● **Problem**: Skip the pictures and write out, word for word, the lines below from the one with "2018 Toyota Alphard Hybrid" through the one with "myntra.com BAESD Boys", inclusive.

● **Data supplied**:

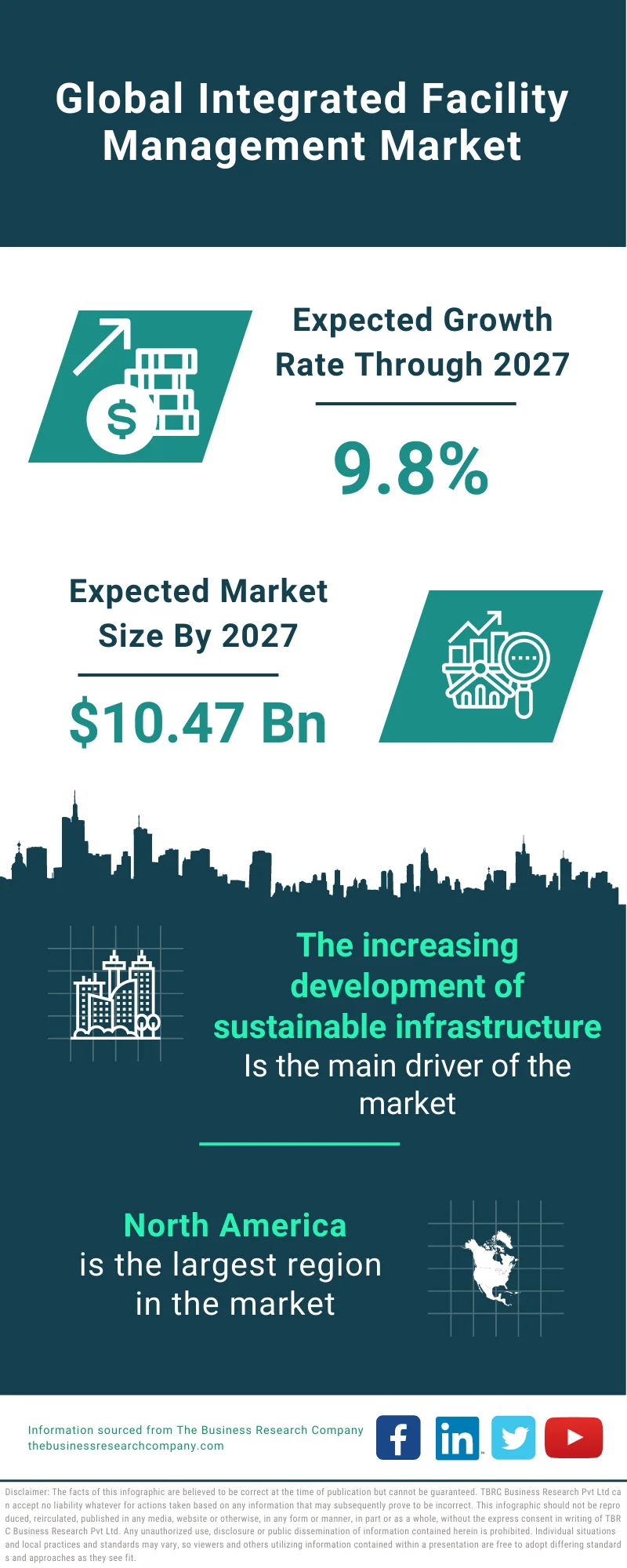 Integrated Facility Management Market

--

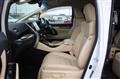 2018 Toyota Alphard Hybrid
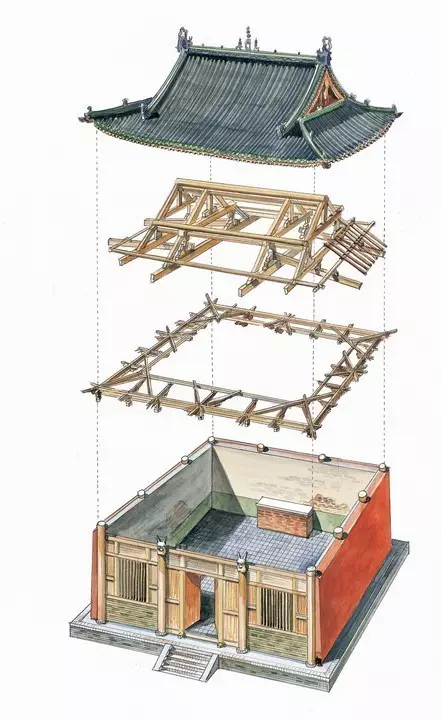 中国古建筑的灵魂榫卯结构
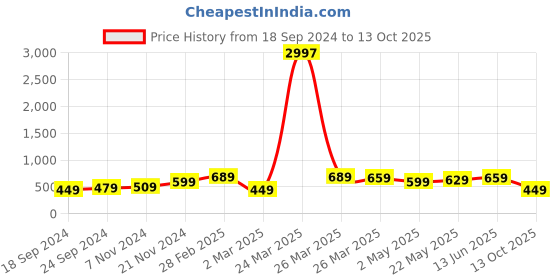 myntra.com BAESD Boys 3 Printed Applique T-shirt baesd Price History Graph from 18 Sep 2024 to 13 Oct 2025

* * *

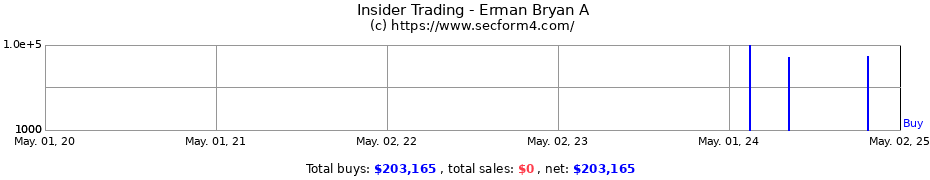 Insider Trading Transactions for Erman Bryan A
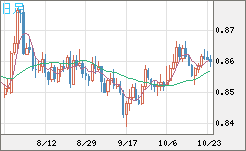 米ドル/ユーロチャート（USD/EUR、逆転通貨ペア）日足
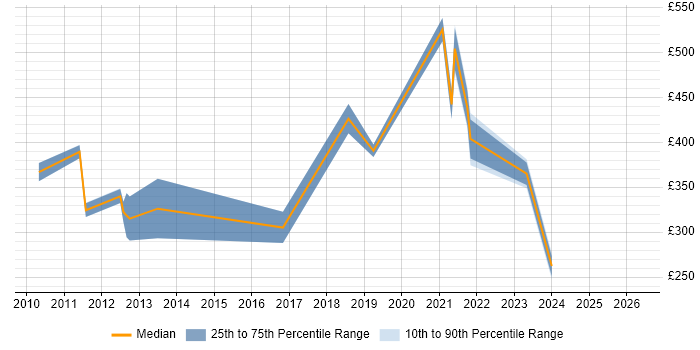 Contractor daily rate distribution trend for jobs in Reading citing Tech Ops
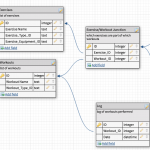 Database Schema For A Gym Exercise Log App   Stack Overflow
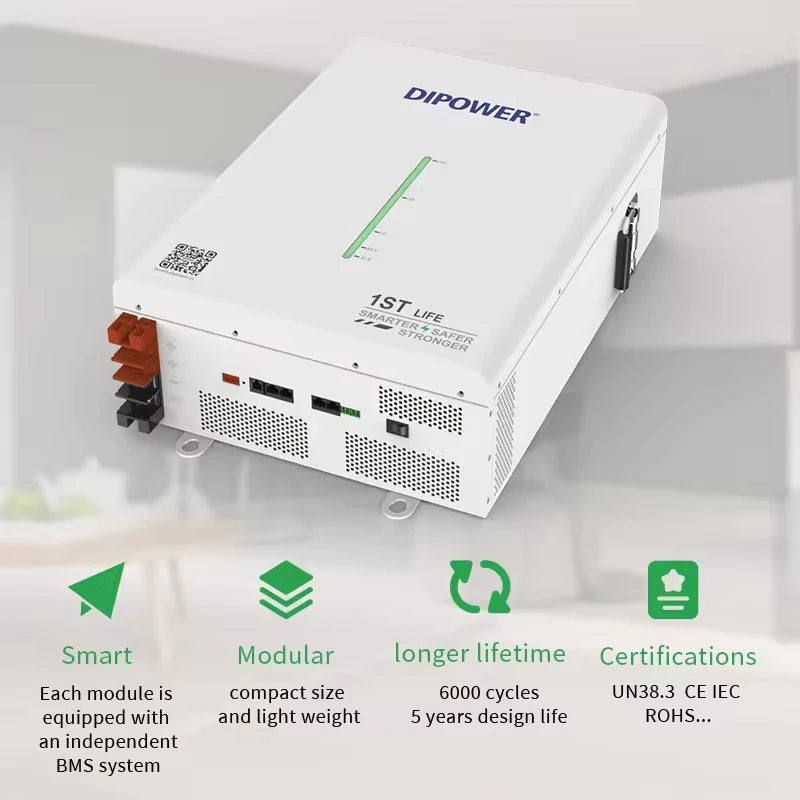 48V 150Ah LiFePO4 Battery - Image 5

● **Task response**:
 2018 Toyota Alphard Hybrid
 中国古建筑的灵魂榫卯结构
 myntra.com BAESD Boys 3 Printed Applique T-shirt baesd Price History Graph from 18 Sep 2024 to 13 Oct 2025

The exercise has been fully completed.